Who are your biggest influences?
On a personal level, Eastcote owner Philip Bagenal has taught me an extraordinary amount about working in recording. He has been a part of every conceivable type of session and knows more about the technological and psychological aspects of a successful recording session than anyone I’ve ever met.
I’ve also been lucky enough to engineer records for producers Chris Kimsey and Eliot James, who’ve both been responsible for some of my favourite albums. Seeing both their approaches to recording and how they get their sounds has taught me a huge amount.
In a more general sense Jerry Finn, Rick Rubin and Alan Moulder pretty much produced the soundtrack to my teenage years, so I’m always striving to capture the sound of a band with as much energy as their records. I’m also really interested in anyone that’s creating sounds that I’ve never heard before, especially in the dance world, so producers like Feed Me, Noisia and Delta Heavy.
What have you learned about the pro-audio industry during your career so far?
That it is incredibly interconnected. Being a small industry everyone knows everyone and it’s a lot less cut-throat than people imagine, in my experience everyone’s usually willing to help each other out.
What advice would you give to youngsters working in the industry?
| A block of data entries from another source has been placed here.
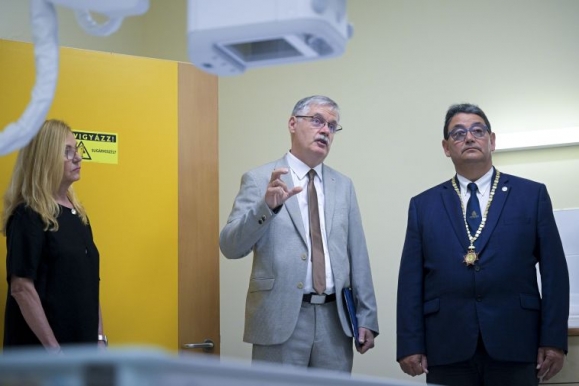 Merkely Béla, a Semmelweis Egyetem rektora (j) és Cserháti Péter klinikaigazgató (k) az új nagyfelbontású digitálisröntgen-vizsgálóban a fejlesztések átadásán a Semmelweis Egyetem rehabilitációs klinikáján 2026. június 25-én. (MTI/Szigetváry Zsolt)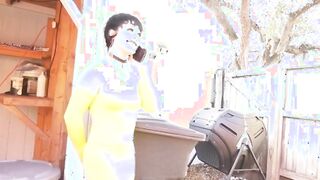 TRANS morena pelo corto Nyxi Leon creampie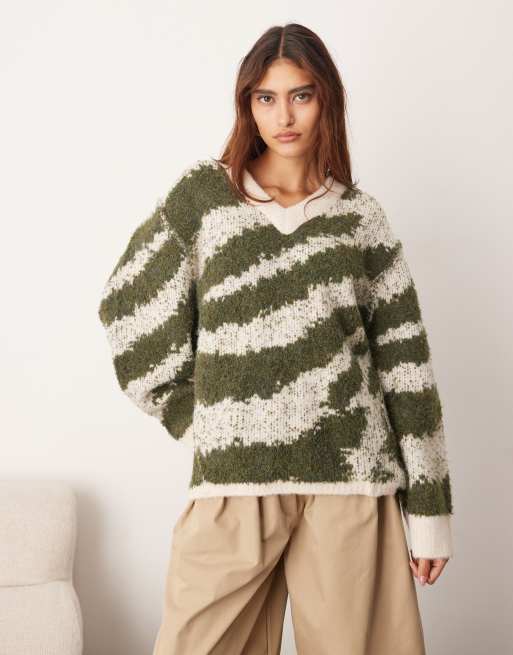 ARRANGE – Dzianinowy sweter oversize z dekoltem w kształcie litery V i zaokrąglonym dołem w zielono-kremowy tygrysi wzór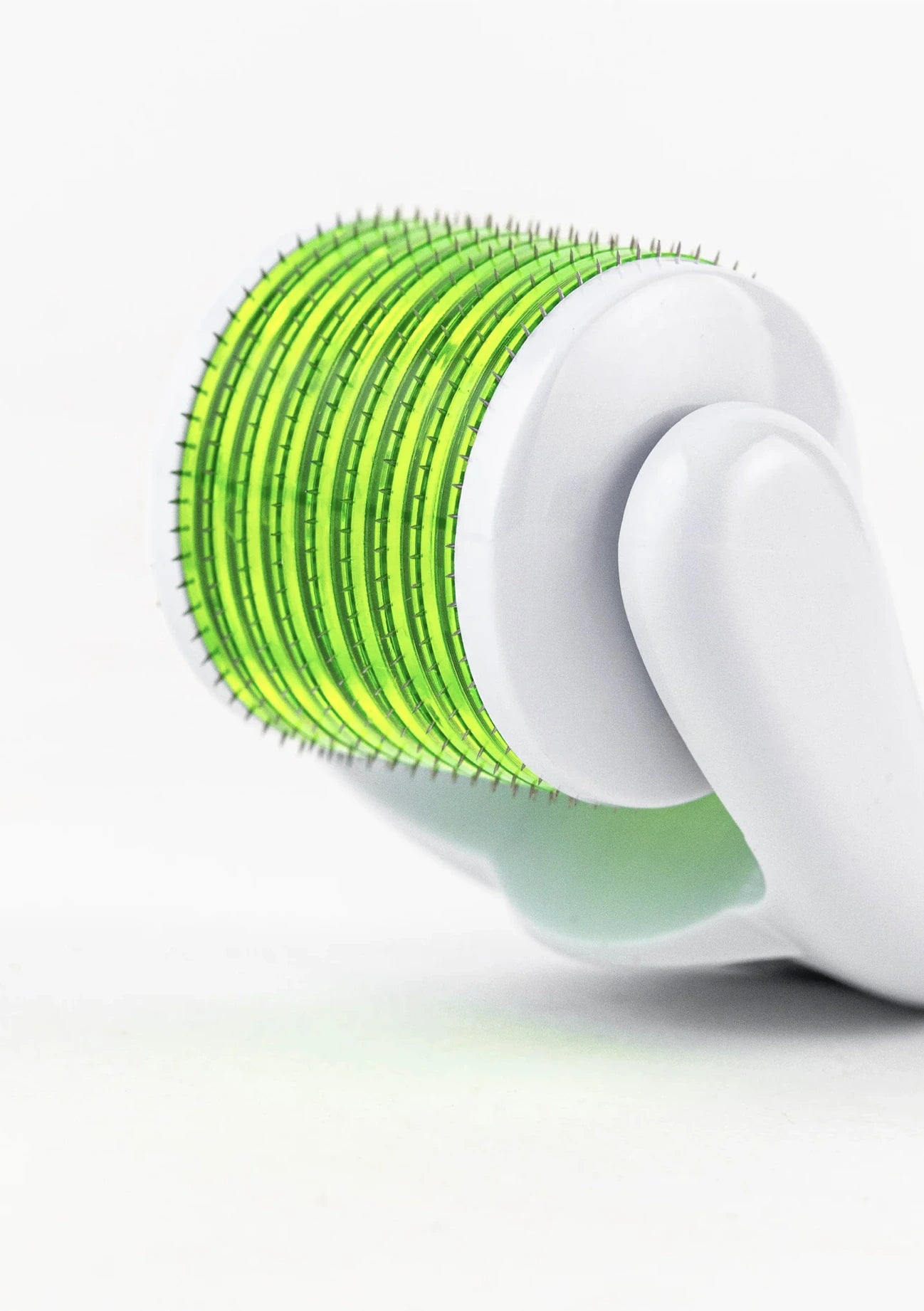 Dermaroller cheveux et barbe Biologist Mood, derma roller 0,5 mm à micro-aiguilles pour stimuler la pousse et réduire la chute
I can only speak for the recording studio part of the pro-audio world, but try you hardest to work for someone who can teach you the realities of a recording session, there’s a lot more to in than what you learn at school.
Also be aware that it can be a fairly stressful world to be in so you’ve got to really want to be a part of it. A lot of stuff happens at the last minute and planning ahead can be difficult. That said when everything comes together it’s incredibly rewarding.
Where would you like to see your career go?
Carry on producing records for exciting bands and hopefully some day end up with my own studio space with big giant windows and a great view!